Setting The Scene

Up and coming producers are perhaps some of the most exciting stories to be a part of because that’s when the rubber hits the road and theory can become reality. An ounce in the ground is only as valuable as it is profitable to recover from said ground. However, trying to turn this theoretic value into real value (profit) is never easy and opens up a company for many additional risks that were not in play when the company was still just an explorer with little costs in terms of upkeep and typically no debt. It’s like a double-edged sword.
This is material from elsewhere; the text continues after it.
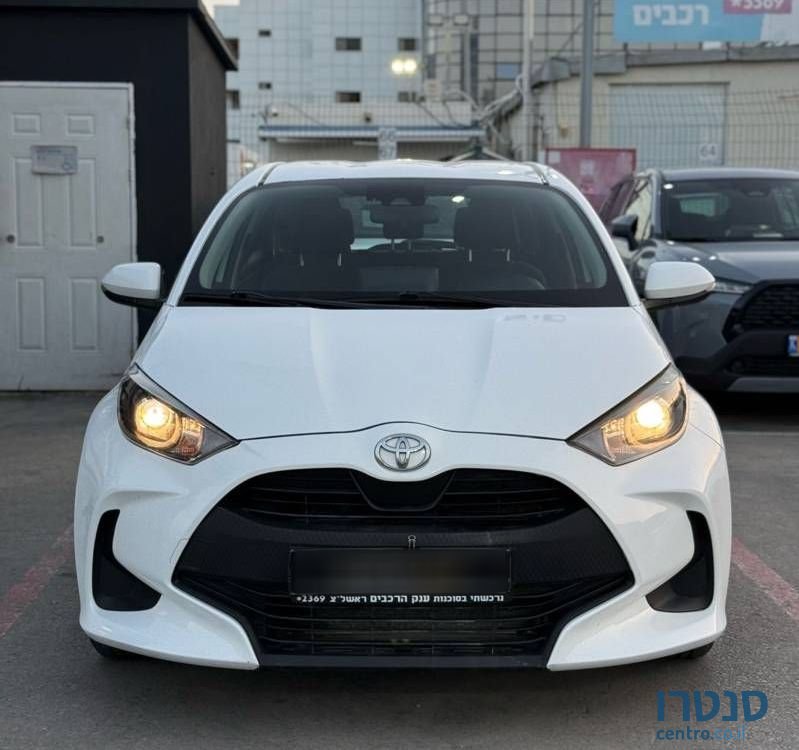 2021' Toyota Yaris טויוטה יאריס photo #4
If a junior can transition into a profitable producer with exploration potential then it has the potential to turn into a self funded growth story like K92 Mining for example. Three years ago K92 Mining was trading at $1.15/share and today it is trading at $7.32/share. That is a very impressive return. Especially when accounting for the fact that the sector is currently at a sentiment low and many juniors are down 50% or more for little to no fundamental reasons. On the other hand many things can go wrong during this transition into a producer and when debt is involved any one problem can compound for the worse and companies do face the risk of bankruptcy.

Up and coming producers can also be a breath of fresh air in a poor sentiment environment. Why? Because most juniors are about potential, and even though they might be brain dead cheap relative to the price of gold, it is hard to “force” the market to appreciate the value of said potential. An early stage exploration junior with world class potential could theoretically trade at $10 M with gold at $2,000. A junior which goes into production with gold at $2,000 will be much harder to under-appreciate assuming there is decent cash flow…

A pre exploration junior can be priced like gold is at $1,400 while it is at $2,000 because there are few value “forcers”. A newly minted junior producer will have a “harder time” being priced like gold is at $1,400, when it is actually at $2,000, given that the margins will reflect the reality of $2,000 gold in real time. In this case a frustrated investor will get immediate monetary benefit in case the junior sector continues to be dirt cheap. If I own a new producer which “should” be trading for $150 M, and it trades for $50 M instead, my investment will likely have a very low PE and high yield.

In short:

  1. It’s easier for the market to ignore the reality of where gold is trading and therefore the implied value of a gold exploration junior based on potential.
  2. Meanwhile the reality of where gold is trading gets automatically translated into the bottom line of a producing junior.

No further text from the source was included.